Records excerpted from a collection:

══════════════════════════════

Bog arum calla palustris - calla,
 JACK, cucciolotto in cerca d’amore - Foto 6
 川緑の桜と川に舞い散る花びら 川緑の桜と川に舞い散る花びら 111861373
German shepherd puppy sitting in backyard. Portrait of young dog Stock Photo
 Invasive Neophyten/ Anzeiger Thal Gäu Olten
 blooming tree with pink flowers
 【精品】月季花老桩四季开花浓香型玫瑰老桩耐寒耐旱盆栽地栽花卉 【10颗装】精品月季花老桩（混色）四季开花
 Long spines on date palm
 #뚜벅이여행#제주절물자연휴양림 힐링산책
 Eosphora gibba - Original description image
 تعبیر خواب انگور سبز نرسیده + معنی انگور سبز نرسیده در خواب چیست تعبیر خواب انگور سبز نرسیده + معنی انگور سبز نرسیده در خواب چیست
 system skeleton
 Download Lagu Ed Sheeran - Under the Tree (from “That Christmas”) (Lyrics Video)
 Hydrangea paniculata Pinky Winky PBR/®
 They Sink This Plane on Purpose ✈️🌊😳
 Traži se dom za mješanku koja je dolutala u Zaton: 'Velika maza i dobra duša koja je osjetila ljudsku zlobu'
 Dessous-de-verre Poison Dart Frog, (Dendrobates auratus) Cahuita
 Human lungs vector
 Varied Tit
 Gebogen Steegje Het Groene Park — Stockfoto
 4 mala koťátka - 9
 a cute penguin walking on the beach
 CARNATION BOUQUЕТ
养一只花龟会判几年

══════════════════════════════

• [Task prompt]
Copy out the entries. Leave every line exactly as it is.

• [Your response]
Bog arum calla palustris - calla,
 JACK, cucciolotto in cerca d’amore - Foto 6
 川緑の桜と川に舞い散る花びら 川緑の桜と川に舞い散る花びら 111861373
German shepherd puppy sitting in backyard. Portrait of young dog Stock Photo
 Invasive Neophyten/ Anzeiger Thal Gäu Olten
 blooming tree with pink flowers
 【精品】月季花老桩四季开花浓香型玫瑰老桩耐寒耐旱盆栽地栽花卉 【10颗装】精品月季花老桩（混色）四季开花
 Long spines on date palm
 #뚜벅이여행#제주절물자연휴양림 힐링산책
 Eosphora gibba - Original description image
 تعبیر خواب انگور سبز نرسیده + معنی انگور سبز نرسیده در خواب چیست تعبیر خواب انگور سبز نرسیده + معنی انگور سبز نرسیده در خواب چیست
 system skeleton
 Download Lagu Ed Sheeran - Under the Tree (from “That Christmas”) (Lyrics Video)
 Hydrangea paniculata Pinky Winky PBR/®
 They Sink This Plane on Purpose ✈️🌊😳
 Traži se dom za mješanku koja je dolutala u Zaton: 'Velika maza i dobra duša koja je osjetila ljudsku zlobu'
 Dessous-de-verre Poison Dart Frog, (Dendrobates auratus) Cahuita
 Human lungs vector
 Varied Tit
 Gebogen Steegje Het Groene Park — Stockfoto
 4 mala koťátka - 9
 a cute penguin walking on the beach
 CARNATION BOUQUЕТ
养一只花龟会判几年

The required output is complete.